Robert Stewart, “Establishing Order”

Photograph
Signature Lower Right
Edition 1/30 Lower Left
Dimensions: 18″ x 34″ Framed
Style: Surrealism

When the new technology of photography burst upon the world, in the late 1800’s, it changed the way people saw the world forever. It also, in a short time, put a lot of portrait and landscape painters out of business. On the other hand, it released painters from the demands of painting only what their eyes could see. They could now abstract. They could paint, not just was there, but how they saw it in their own unique way and at the same time, capture how they felt about the subject. Abstract painting did not arrive until after the invention of photography.

This new photo technology, was viewed by most art critics at the time, as little more than a mechanical /chemical process. It bore little resemblance to “real” art. Through the efforts of a handful of photographers, it blossomed into a valid art form. This process took many years for most critics to recognize photography as a valid art form. (Some continue to argue that it still is a stepchild in the art world).

We are now in the midst of another profound shift in the technology of art. It is computers, it is digital and it has freed the photographer (and other art forms) from the chains of reality. Photographers no longer have to accept that one click of the shutter results in just one picture. Digital photo artists can now combine many images to express themselves. They can color them, alter them, layer them and draw on them to create a completely new image. Photographers can now enjoy the visual license that painters enjoyed for over 100 years.

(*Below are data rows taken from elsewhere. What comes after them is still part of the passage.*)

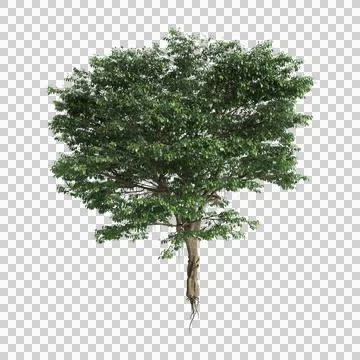 Ficus microcarpa trees 3d illustration on white background Stock Illustration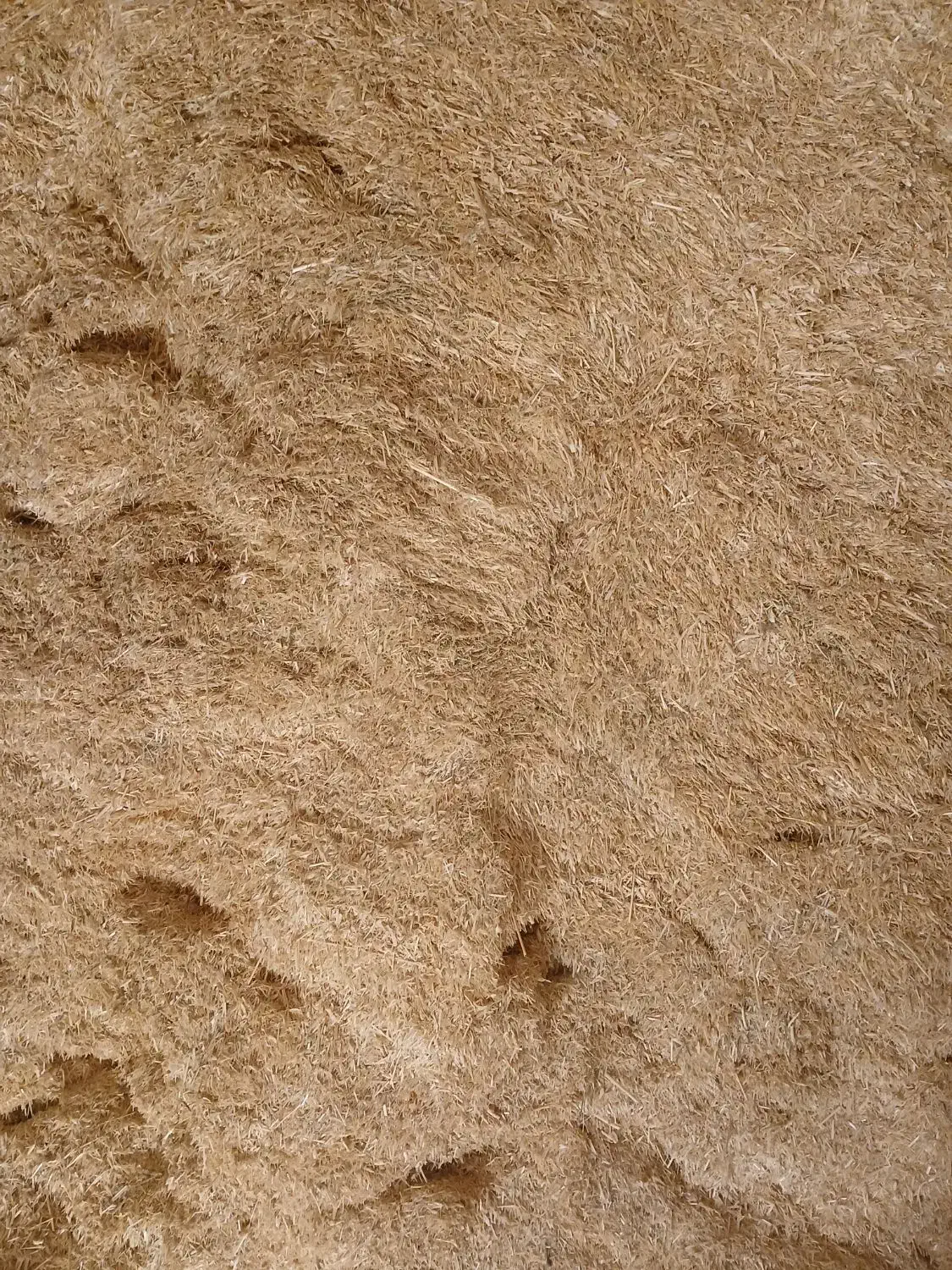 کاه|لوازم جانبی حیوانات|آبکوه, |دیوار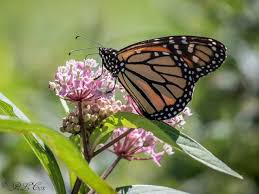 attracting monarch erflies with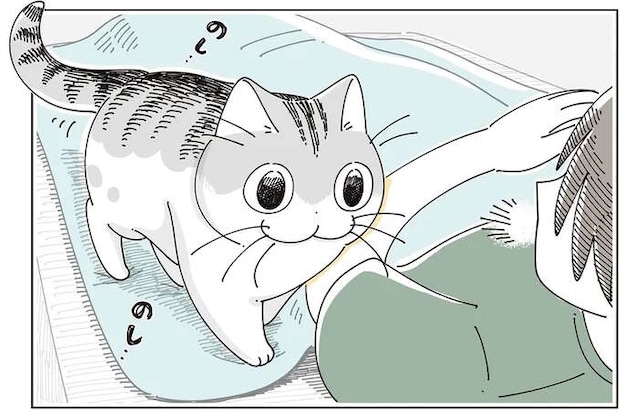 昼寝をするはずだったのに！ 愛猫がやって来て、つい遊びモードに...／夜は猫といっしょ7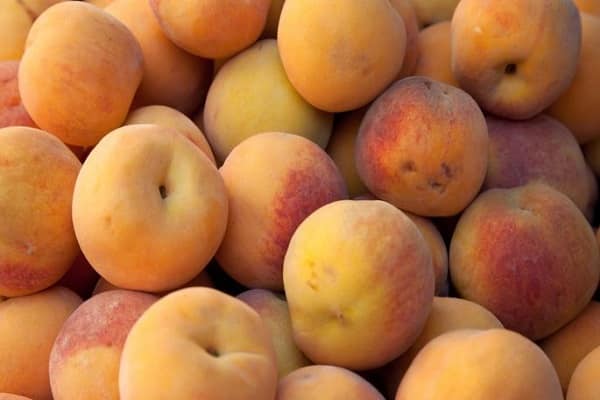 Fäulnis ist nicht akzeptabel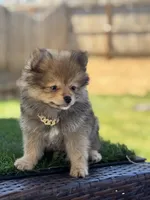 Boy Pom 1, a male Pomeranian for sale in Madera, CA – 7 of 10
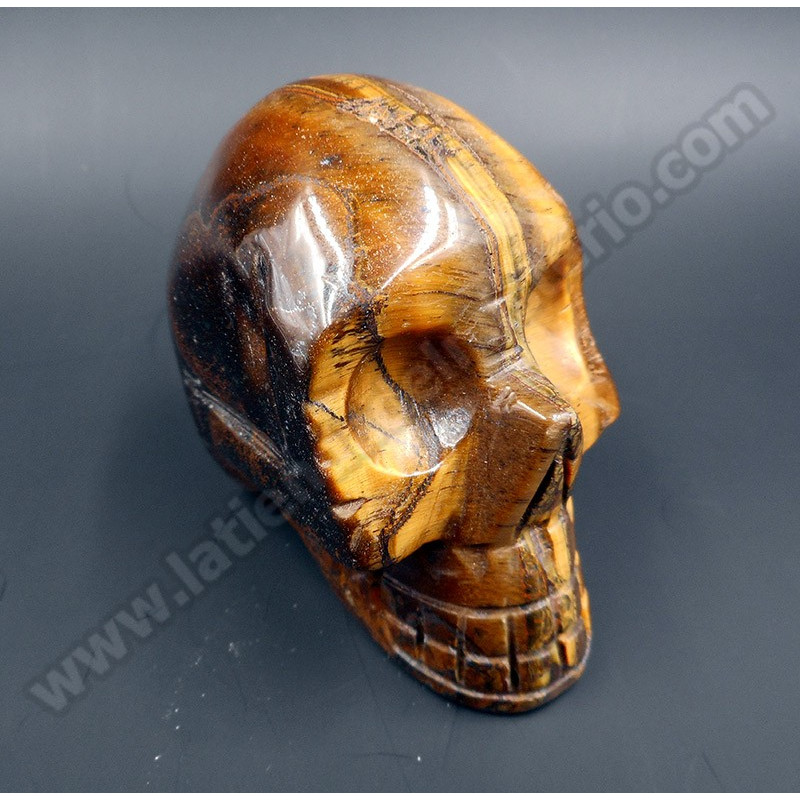 Calavera Ojo de tigre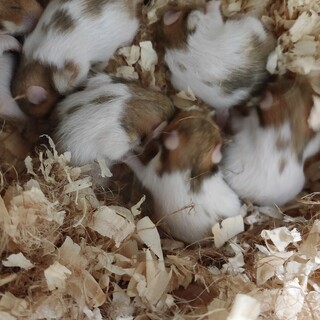 ゴールデンハムスターの里親を募集中です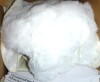 Tucker Murphy Pet&trade; Cloud Pet Sofa Bed New $89 - 2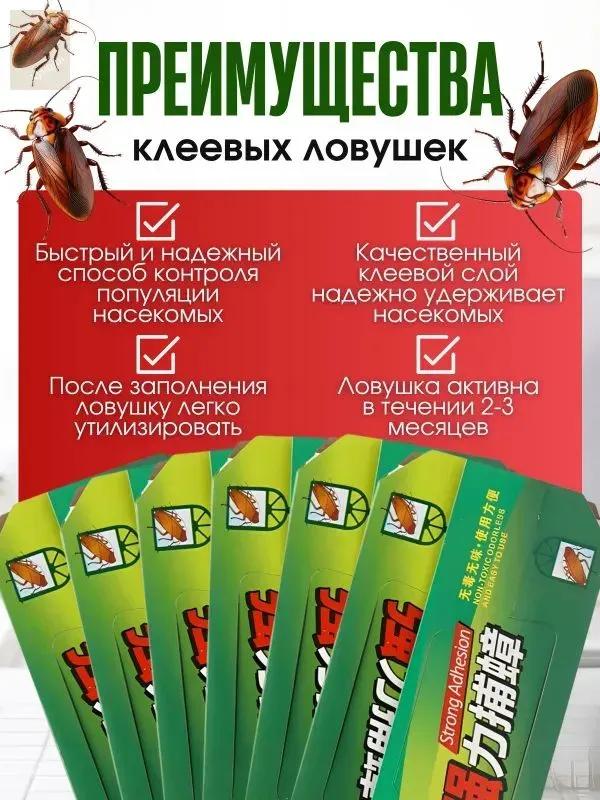 Glue trap for cockroaches with bait, 20pcs, an effective remedy for cockroaches, insects.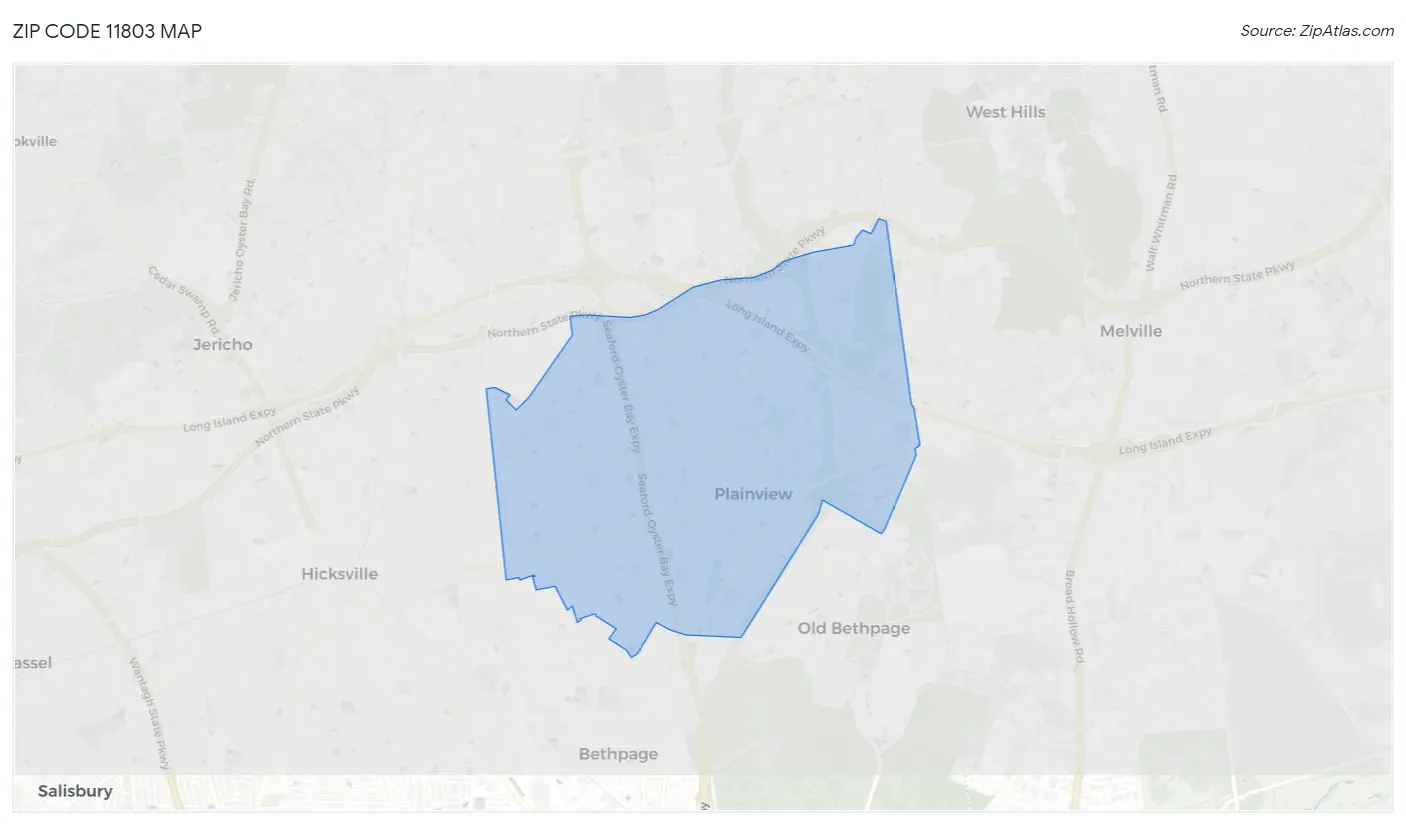 Zip Code 11803 Map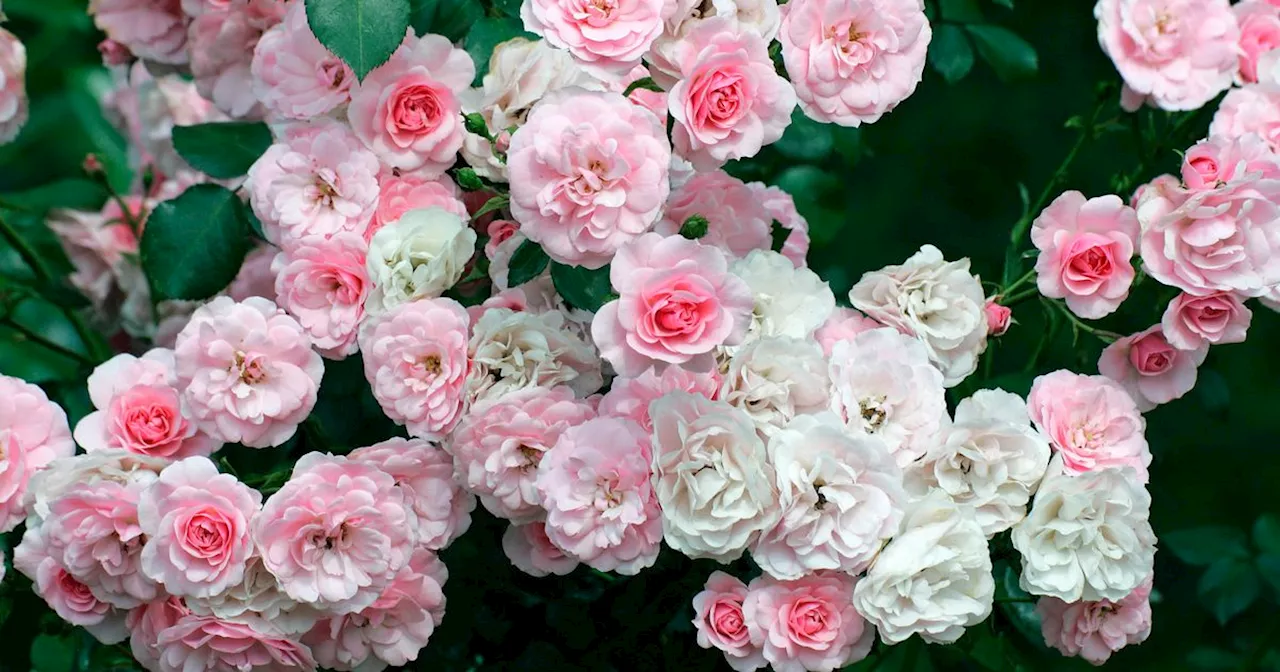 Monty Don's gardening 'secret' to make roses bloom 'for as long as possible'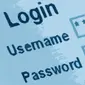 Ilustrasi Password
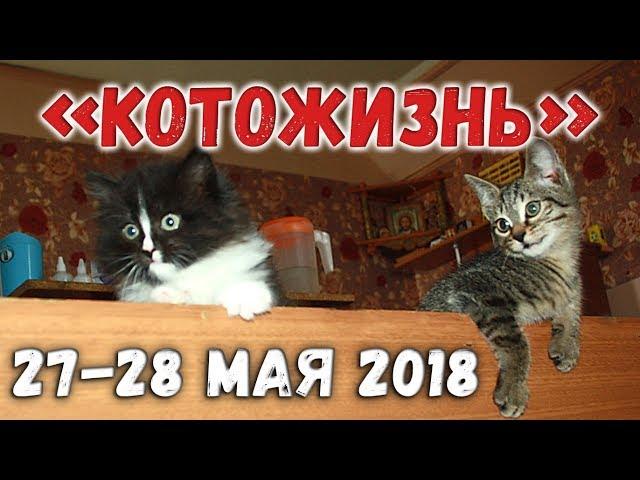 КОТОЖИЗНЬ!  27-28 мая 2018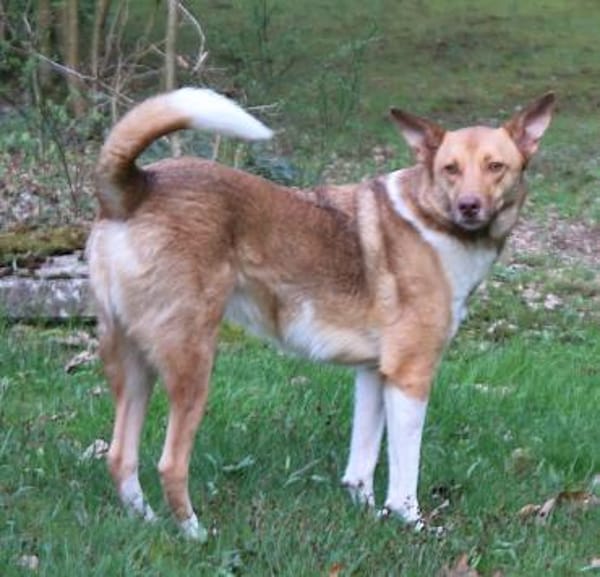 Andorra - freundlich, verträglich - in D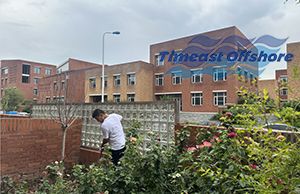 不負秋（qiū）意（yì）好時光，向日葵视频官网小院兒正忙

Consider the similarities between painting and digital compositions. They both start with a blank “canvas” and add elements until the picture is done. This is an additive process. Traditional photography, on the other hand is a subtractive process. The photographer has to “eliminate” the distracting elements in the camera’s viewfinder to isolate and enhance his subject.

While I still enjoy the traditional forms of photography, I have been enamored by the possibilities of digital compositions. I enjoy the painterly control of digital work and will continue to explore the new frontiers of digital imaging.